Input data >>
== Segment start ==

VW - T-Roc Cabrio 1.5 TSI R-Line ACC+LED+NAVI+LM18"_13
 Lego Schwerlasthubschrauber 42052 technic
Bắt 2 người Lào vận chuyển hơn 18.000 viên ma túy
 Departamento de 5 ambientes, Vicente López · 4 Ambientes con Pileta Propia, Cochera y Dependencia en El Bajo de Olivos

== Segment end ==

Problem to solve >>
When you respond, give the whole listing again exactly as written.

Reply >>
VW - T-Roc Cabrio 1.5 TSI R-Line ACC+LED+NAVI+LM18"_13
 Lego Schwerlasthubschrauber 42052 technic
Bắt 2 người Lào vận chuyển hơn 18.000 viên ma túy
 Departamento de 5 ambientes, Vicente López · 4 Ambientes con Pileta Propia, Cochera y Dependencia en El Bajo de Olivos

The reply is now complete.